Par un mémoire en défense, enregistré le 27 septembre 2022, le préfet de la Drôme conclut au rejet de la requête.
Il fait valoir que les moyens soulevés par M. B ne sont pas fondés.
Vu :
- les autres pièces du dossier ;
- le code de l'entrée et du séjour des étrangers et du droit d'asile ;
- le code des relations entre le public et l'administration ;
- le code de justice administrative.
Les parties ont été régulièrement averties du jour de l'audience.
Le président de la formation de jugement a dispensé la rapporteure publique, sur sa proposition, de prononcer des conclusions à l'audience.
Le rapport de Mme C a été entendu au cours de l'audience publique.
Considérant ce qui suit :
1. M. B, ressortissant marocain, a épousé le 14 août 2021 une ressortissante française. Il a déposé le 10 janvier 2022 une demande de titre de séjour en sa qualité de conjoint de français. Par l'arrêté attaqué, le préfet de la Drôme a refusé de délivrer le titre de séjour sollicité et lui a fait obligation de quitter le territoire français dans un délai de 30 jours.

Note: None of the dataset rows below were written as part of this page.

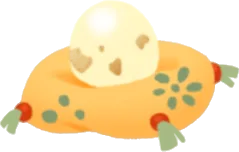 小さな卵が乗った黄色い座布団の画像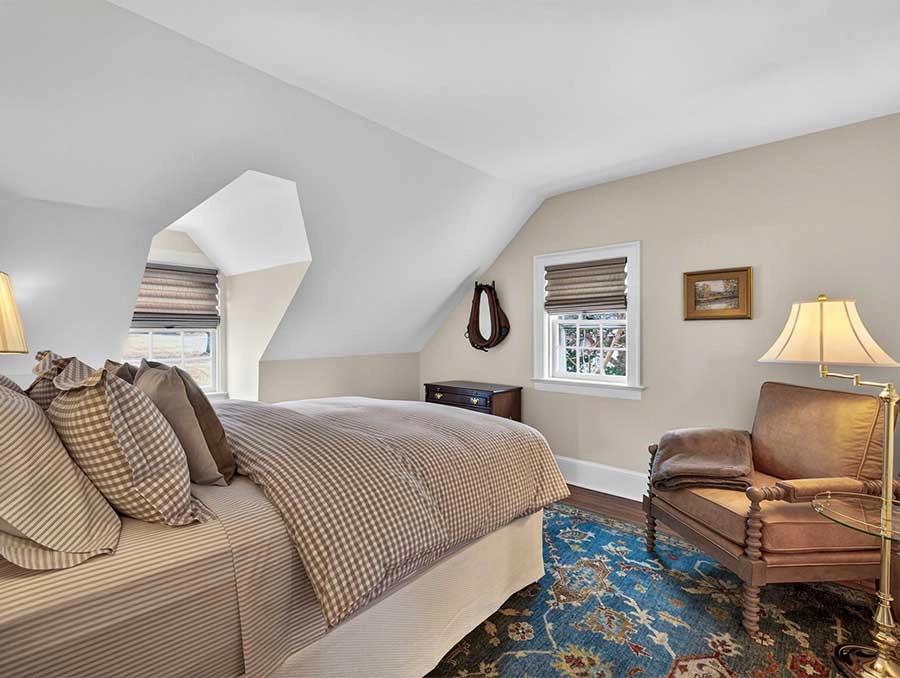 Cozy bedroom with classic decor and comfortable furnishings.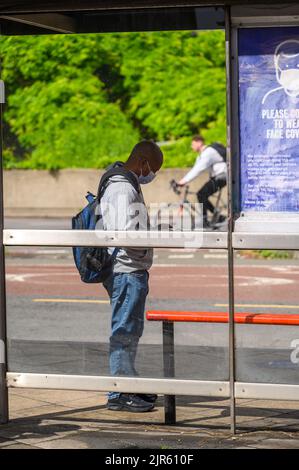 LONDON - May 20, 2022: Man wearing face mask looks at smartphone while waiting at bus stop Stock Photo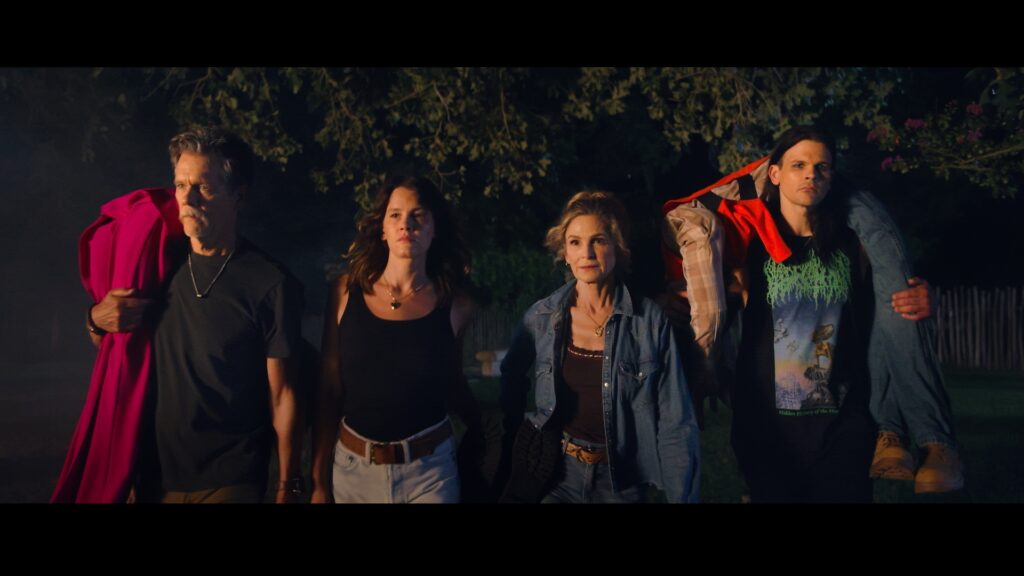 Kevin Bacon, Kyra Sedgwick and two of their children in a nighttime still image from the film "Family Movie."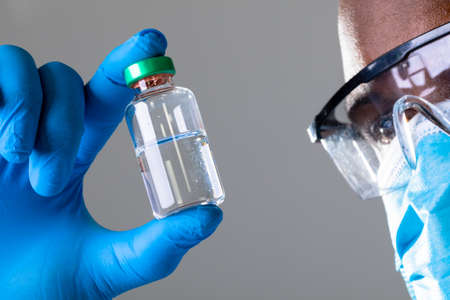Close up of african american male health worker wearing face mask holding covid-19 vaccine bottle....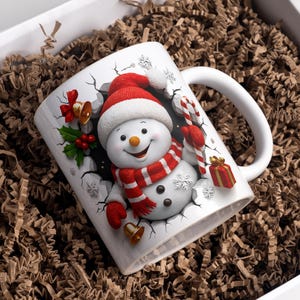 Puede incluir: Una taza de cerámica blanca con un diseño de muñeco de nieve en 3D. El muñeco de nieve lleva una bufanda, gorro y mitones rojos y blancos. La taza está decorada con copos de nieve, bastones de caramelo y una caja de regalo.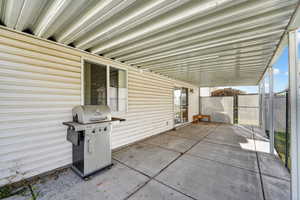 View of patio with a grill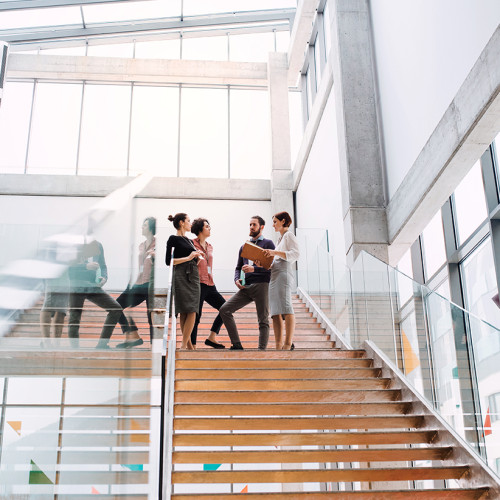 Group of young businesspeople standing on a staircase, talking.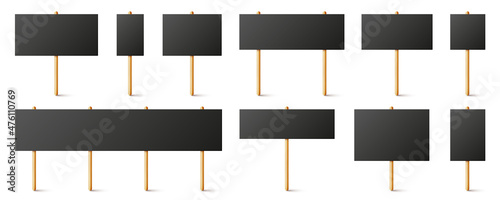 Foto Blank black protest signs with wooden holder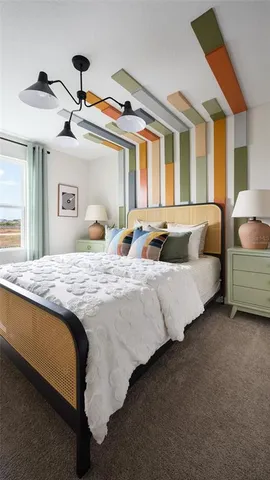 a spacious bedroom with a bed and a chandelier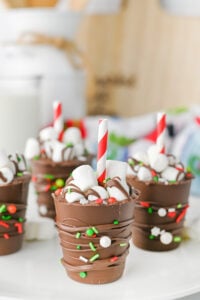 Hot chocolate on a stick on counter.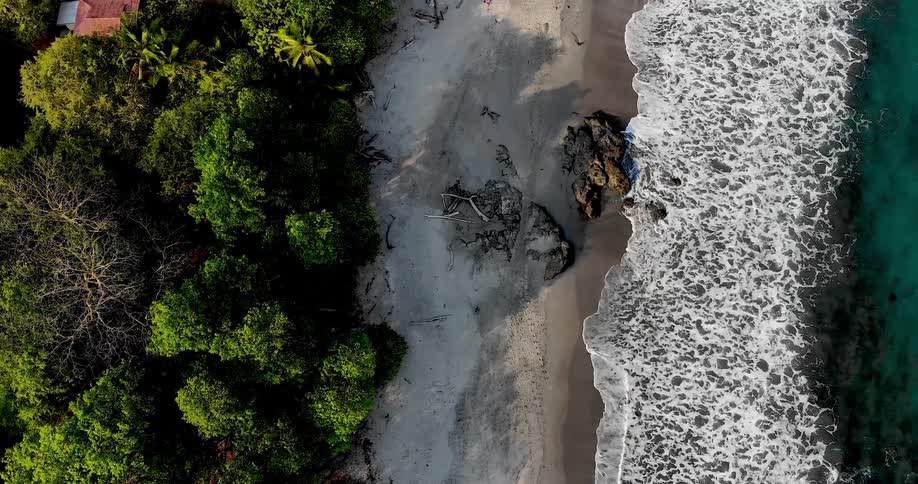 Aerial view of ocean waves crashing against secluded beach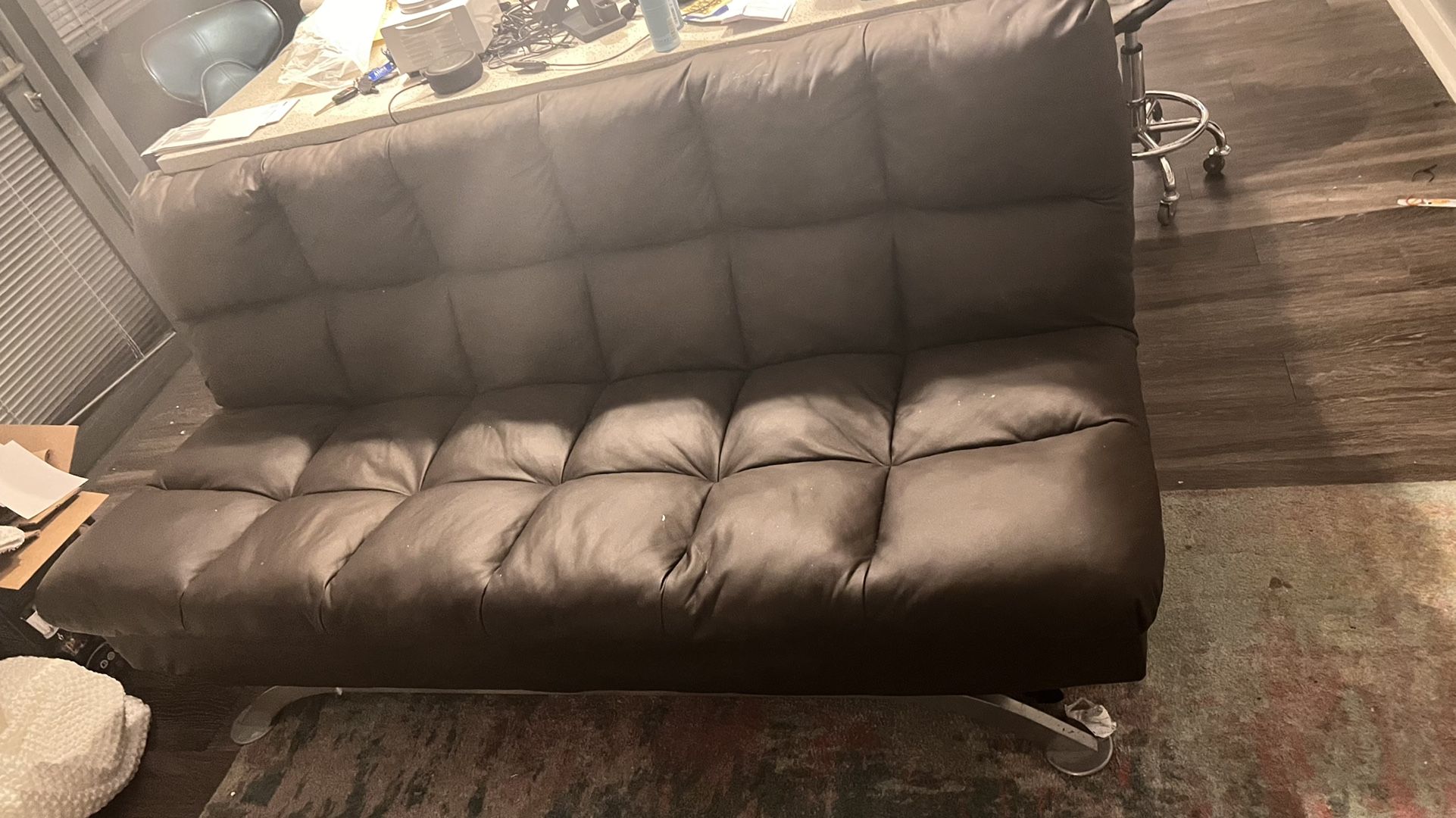 Brown leather couch/futon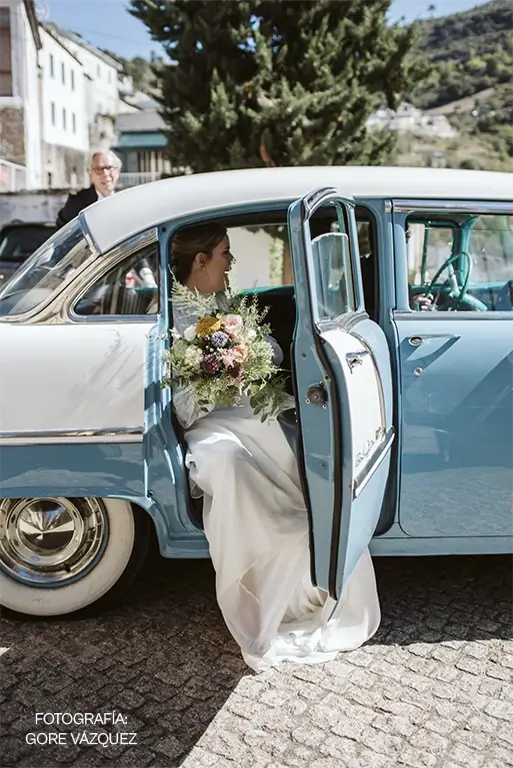 Novia con un ramo de flores original saliendo del coche a las puertas de la iglesia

2. En premier lieu, l'arrêté attaqué comporte les considérations de droit et de fait qui en constituent le fondement. Il répond donc à l'exigence de motivation des articles L. 211-2 et L. 211-5 du code des relations entre le public et l'administration.
3. En deuxième lieu, il ressort des termes de l'arrêté contesté que le préfet a procédé à un examen sérieux de la demande de titre de séjour de M. B, analysant sa demande au regard de sa situation familiale, notant le mariage de l'intéressé avec une ressortissante française. Par suite, le moyen tiré de l'erreur de droit doit être écarté.
4. En troisième lieu, aux termes de l'article L. 412-1 du code de l'entrée et du séjour des étrangers et du droit d'asile : " () la première délivrance d'une carte de séjour temporaire ou d'une carte de séjour pluriannuelle est subordonnée à la production par l'étranger du visa de long séjour mentionné aux 1° ou 2° de l'article L. 411-1 ". Aux termes de l'article L. 423-1 du même code : " L'étranger marié avec un ressortissant français, se voit délivrer une carte de séjour temporaire portant la mention " vie privée et familiale " d'une durée d'un an lorsque les conditions suivantes sont réunies :/1° La communauté de vie n'a pas cessé depuis le mariage ;/ 2° Le conjoint a conservé la nationalité française ;/ 3° Lorsque le mariage a été célébré à l'étranger, il a été transcrit préalablement sur les registres de l'état civil français. ". Aux termes de l'article L. 423-2 du même code : " L'étranger, ne vivant pas en état de polygamie, entré régulièrement et marié en France avec un ressortissant français avec lequel il justifie d'une vie commune et effective de six mois en France, se voit délivrer une carte de séjour temporaire portant la mention " vie privée et familiale " d'une durée d'un an. La condition prévue à l'article L. 412-1 n'est pas opposable. ".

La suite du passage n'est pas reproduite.